## THE RECORDS
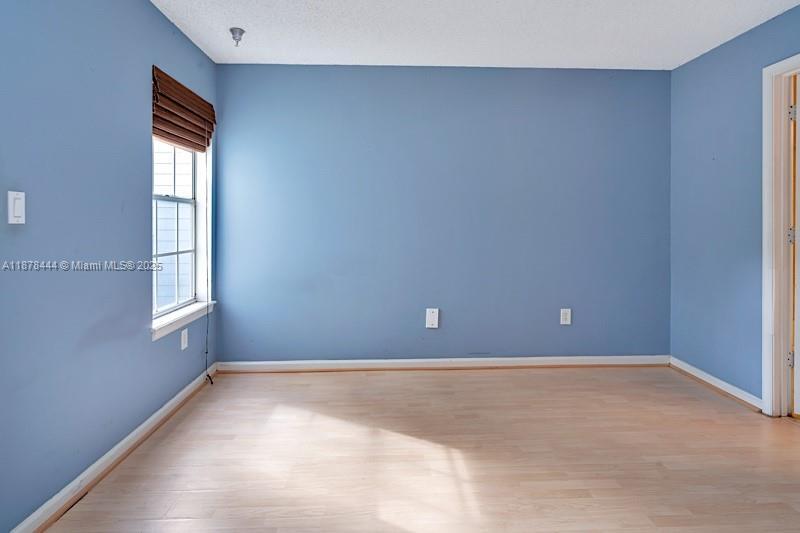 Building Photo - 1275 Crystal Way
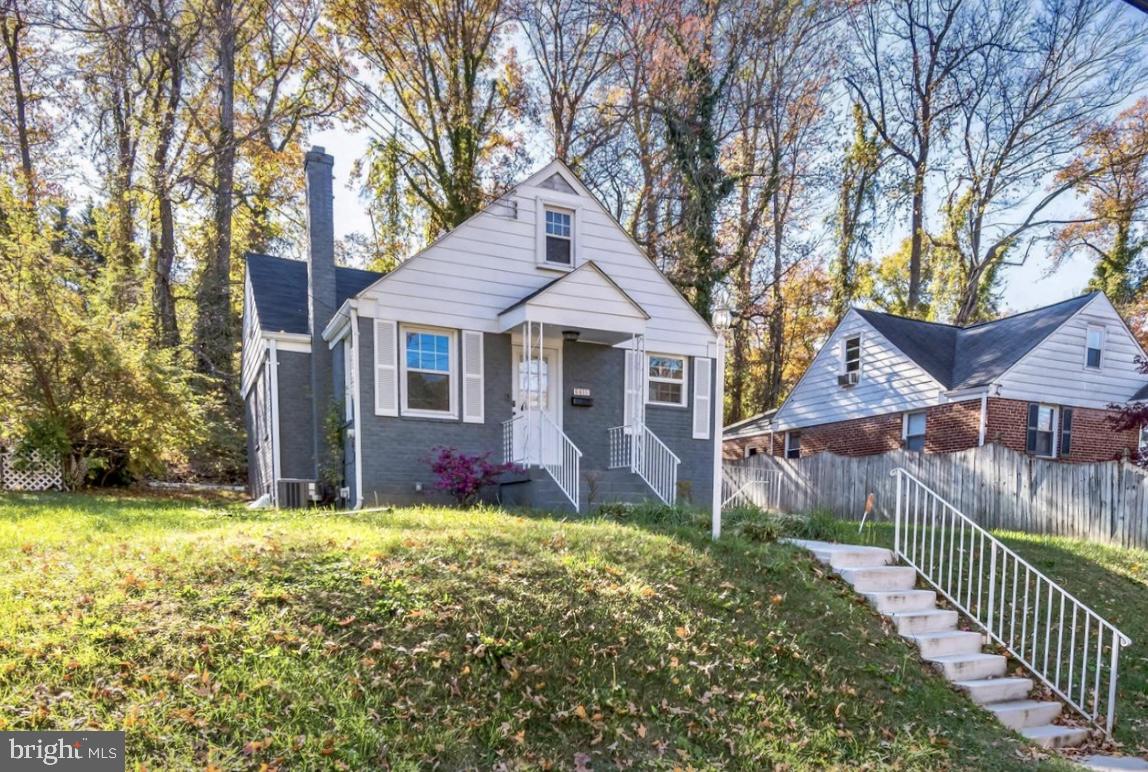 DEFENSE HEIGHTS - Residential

...

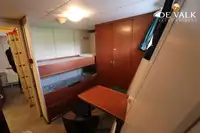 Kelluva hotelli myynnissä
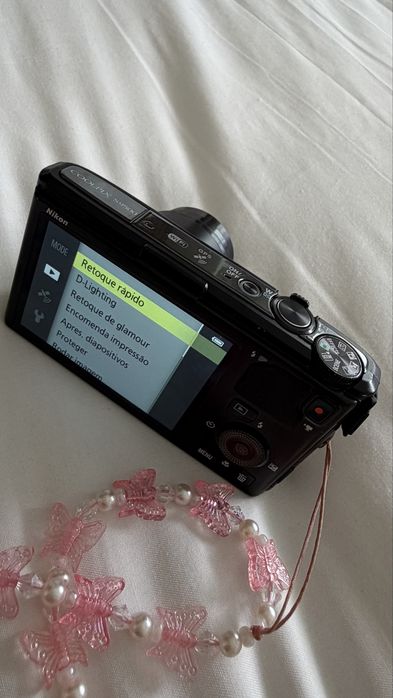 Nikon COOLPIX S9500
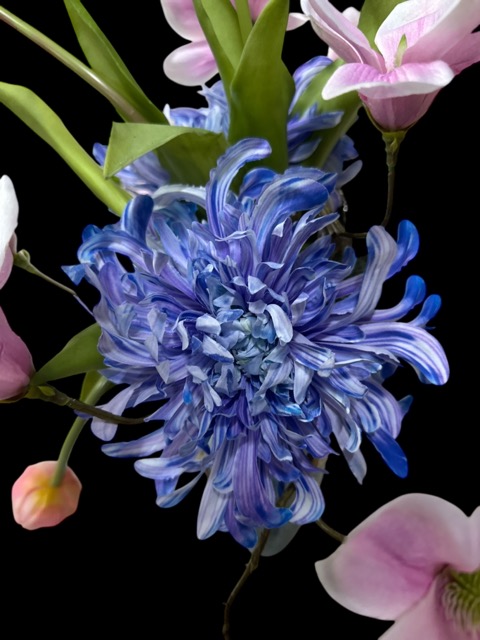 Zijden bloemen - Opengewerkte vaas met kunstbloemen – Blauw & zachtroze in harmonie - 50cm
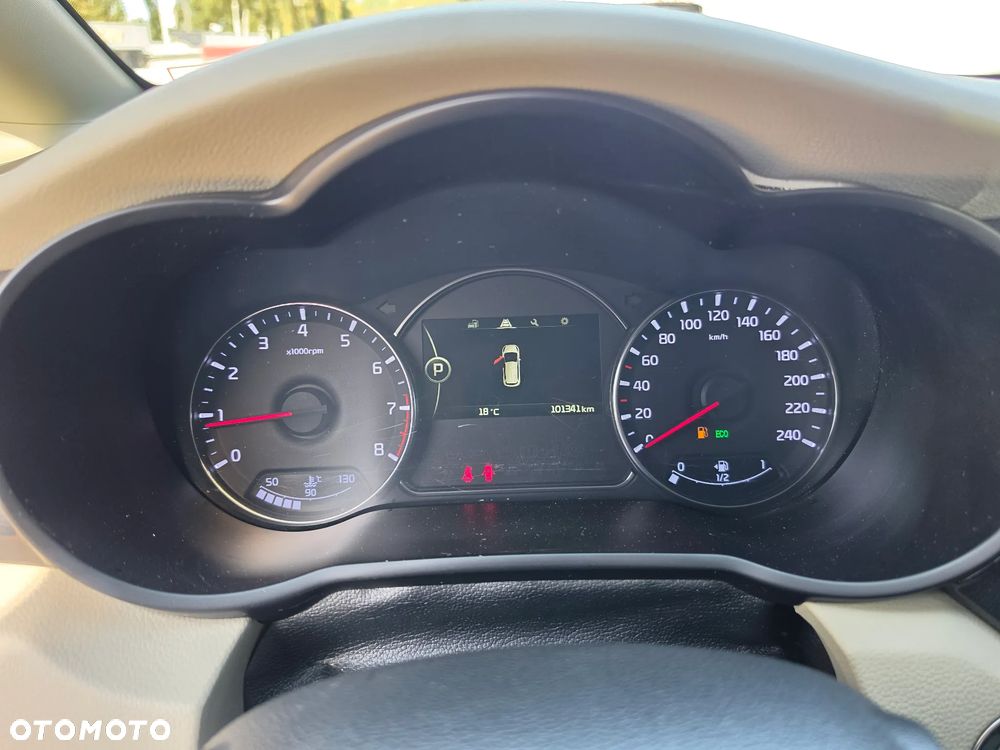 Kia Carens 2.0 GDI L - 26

---

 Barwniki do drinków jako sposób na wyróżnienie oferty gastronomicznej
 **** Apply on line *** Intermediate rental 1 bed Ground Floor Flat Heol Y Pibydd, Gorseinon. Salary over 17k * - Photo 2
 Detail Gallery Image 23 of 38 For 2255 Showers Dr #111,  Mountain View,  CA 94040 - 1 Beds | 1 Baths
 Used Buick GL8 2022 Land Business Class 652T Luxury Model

## EXERCISE DETAILS
Copy needed, without pictures: the lines of the listing above from the line containing "Building Photo - 1275 Crystal Way" up to and including the line containing "DEFENSE HEIGHTS - Residential", set down exactly.

## WRITTEN ANSWER
 Building Photo - 1275 Crystal Way
 DEFENSE HEIGHTS - Residential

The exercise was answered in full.